Roanoke Struggles With Lack of Ice For Local Hockey Leagues

VT Hockey 2013  Virginia Tech’s club team must end its home season early due to lack of ice.
VT Hockey 2013 Virginia Tech’s club team must end its home season early due to lack of ice.

It’s an annual lament for local youth and adult amateur hockey players: come the end of January the only sheet of ice in the Roanoke Valley at the Berglund Center usually goes away. That means hockey players have to scramble to find ice for practice and must travel out of town for all games, even to venues in North Carolina and Northern Virginia.

Meanwhile says one parent involved with local youth hockey, leagues in states like North Carolina and West Virginia are skating into March. It also affects college programs: both Virginia Tech and Radford have club-level teams that must play their season ending games after January on the road.

The closest ice rink to the Roanoke and New River Valleys is the LaHaye Ice Center at Liberty University in Lynchburg – which makes for some late night practices when those teams travel from the NRV. The lack of local ice has also meant a steep drop-off in youth hockey league numbers – down to around 200 from double that in its heyday, said a parent.

The last time there was a rink available for hockey teams or public skating was at the old Ice Station on Thirlane Road – but that shut down in 2006. Over the years since members of Roanoke City Council and groups like Roanoke Valley Ice Advocates have promoted the idea of building a dedicated ice rink – but its an expensive proposition and there haven’t been any parties coming forward to take the lead to date.

Berglund Center general manager Robyn Schon feels their pain but says the lack of a professional hockey club in the valley – the Express, Vipers, Rampage etc. are long gone at this point – means it isn’t financially feasible to keep ice down past the end of January. February and the couple of months that follow are big for the former Roanoke Civic Center – the circus, monster truck shows, country music concerts, etc. The Berglund Center offers public skating sessions when it does put ice in every fall, in addition to renting time to the local amateur leagues.

Schon is no hockey-hater either: she worked for the National Hockey League’s Detroit Red Wings at one point and for minor league clubs elsewhere. It’s simply a matter of economics. “We rely on a lot of the events that come in January, February and March,” said Schon, “and the heavy run of family shows begins at the end of January. So we have to take the ice out.”

To consider putting ice back in for a few weeks in April, perhaps, after that period of heavy bookings lightens up a bit doesn’t make financial sense either said Schon, who has been working diligently in recent years to reduce the annual deficit that the Berglund Center complex – owned by the city – normally runs. “Its too costly just to put it in for 2 or 3 weeks of hockey,” said Schon, “If we had a tenant team the dynamics would certainly change.”

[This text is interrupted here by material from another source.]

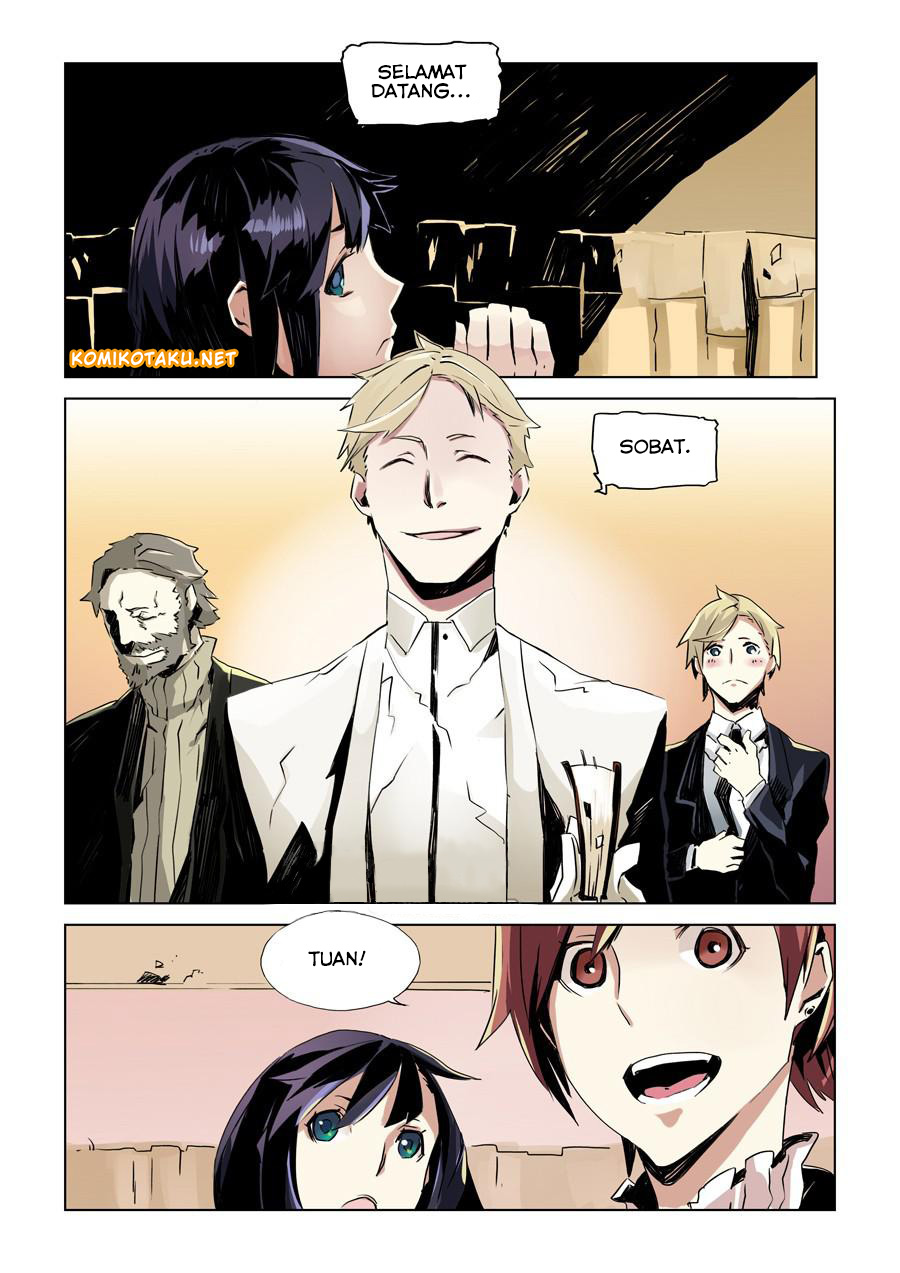 After Transformation, Mine and Her Wild Fantasy Ch. 6 第13页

If that happened, like in the past, Schon and her staff would work with shows coming in to come up with dates that accommodate a hockey team. When the ice is down for a professional squad then local amateur groups could sign on to rent the rink out as well. “[Then] it would make economical sense.” But even if a new pro team were to sign on tomorrow, Schon said that would be a dicey proposition: “for the next three or four years all of those heavy dates [from January-March] are booked.”

One hockey parent suggested that perhaps local leagues could pay a bit more so the Berglund Center could extend the ice season – but Schon said that is probably “cost prohibitive.” It costs about $4000 every time they take up the ice and put it back, she noted. It looks like until someone is willing to come along and build a dedicated ice rink – or the Berglund Center once again is home to a minor league professional team – that local amateur hockey players will have to keep scrambling for home ice.